DATA EXTRACT -
*-*-*

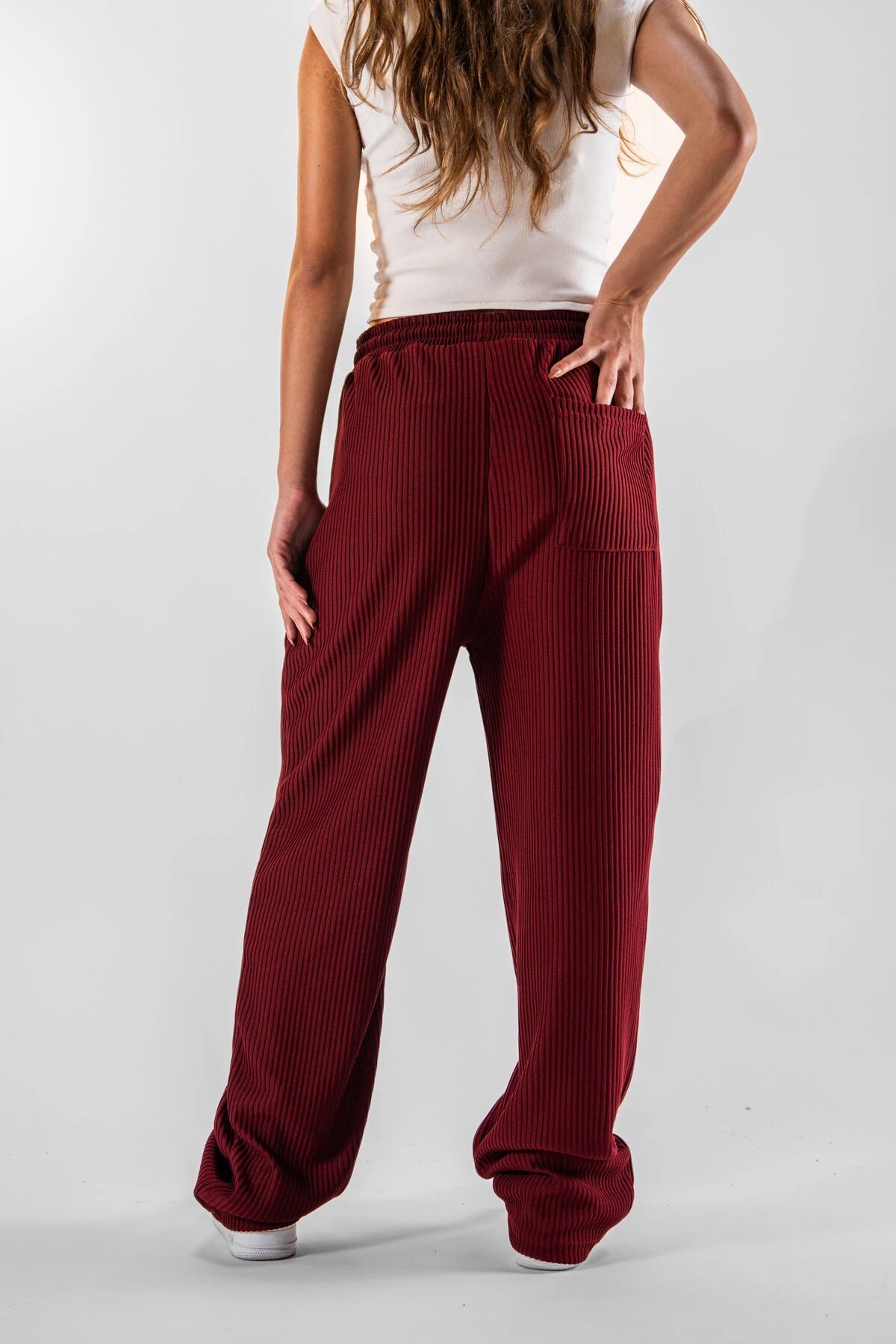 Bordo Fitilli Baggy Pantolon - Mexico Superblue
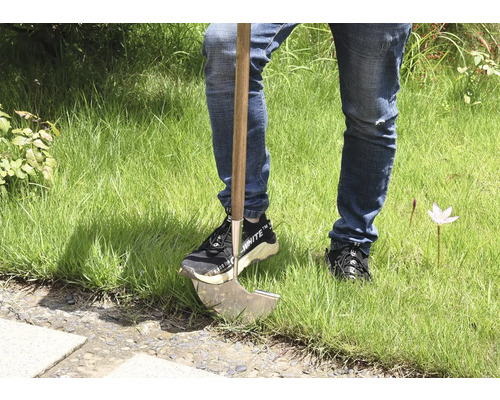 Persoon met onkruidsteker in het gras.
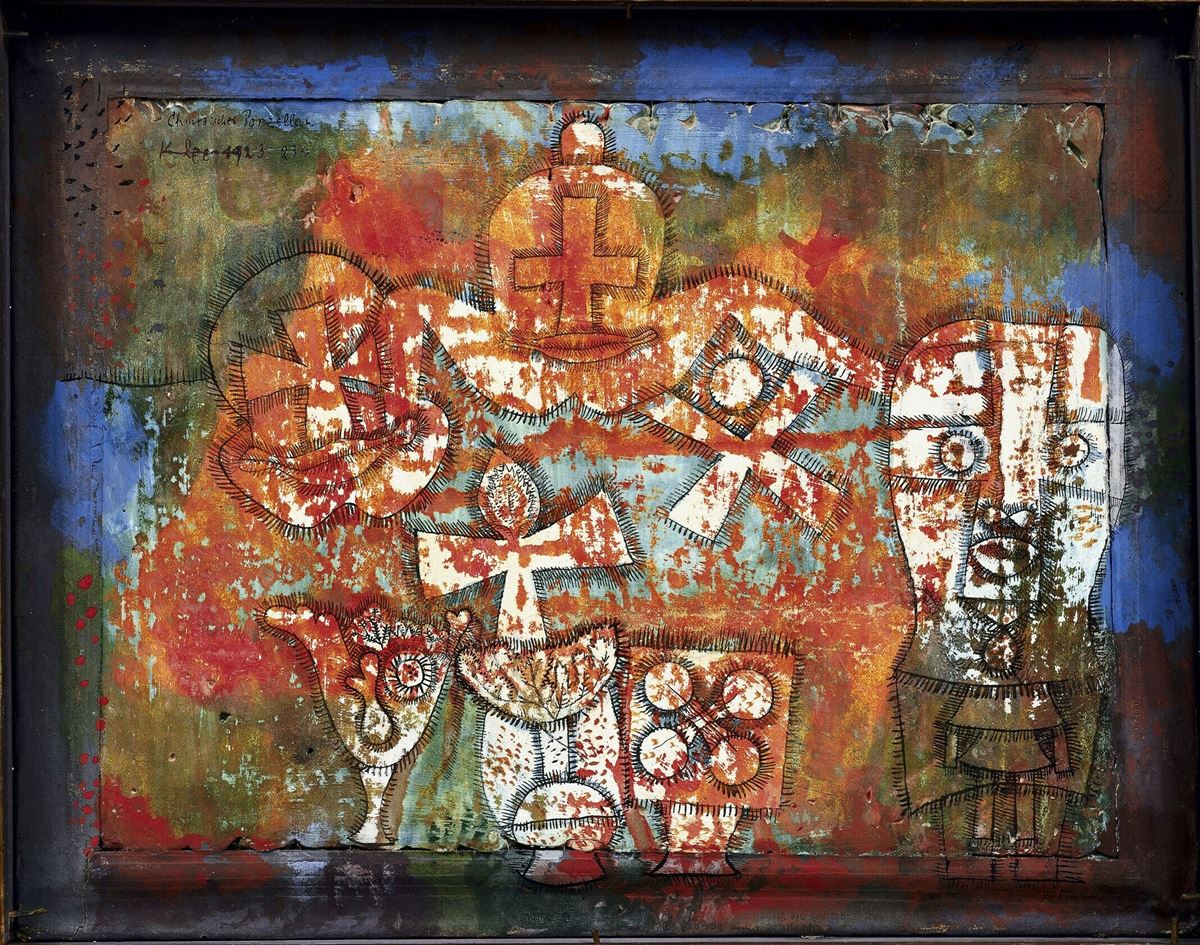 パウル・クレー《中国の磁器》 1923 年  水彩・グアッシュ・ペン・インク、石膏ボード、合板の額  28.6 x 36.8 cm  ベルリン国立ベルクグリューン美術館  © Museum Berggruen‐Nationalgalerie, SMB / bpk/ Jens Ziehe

*-*-*

ACTIVITY - For the material above, repeat each line exactly and leave out the pictures.

PROBLEM SOLUTION -
 Bordo Fitilli Baggy Pantolon - Mexico Superblue
 Persoon met onkruidsteker in het gras.
 パウル・クレー《中国の磁器》 1923 年  水彩・グアッシュ・ペン・インク、石膏ボード、合板の額  28.6 x 36.8 cm  ベルリン国立ベルクグリューン美術館  © Museum Berggruen‐Nationalgalerie, SMB / bpk/ Jens Ziehe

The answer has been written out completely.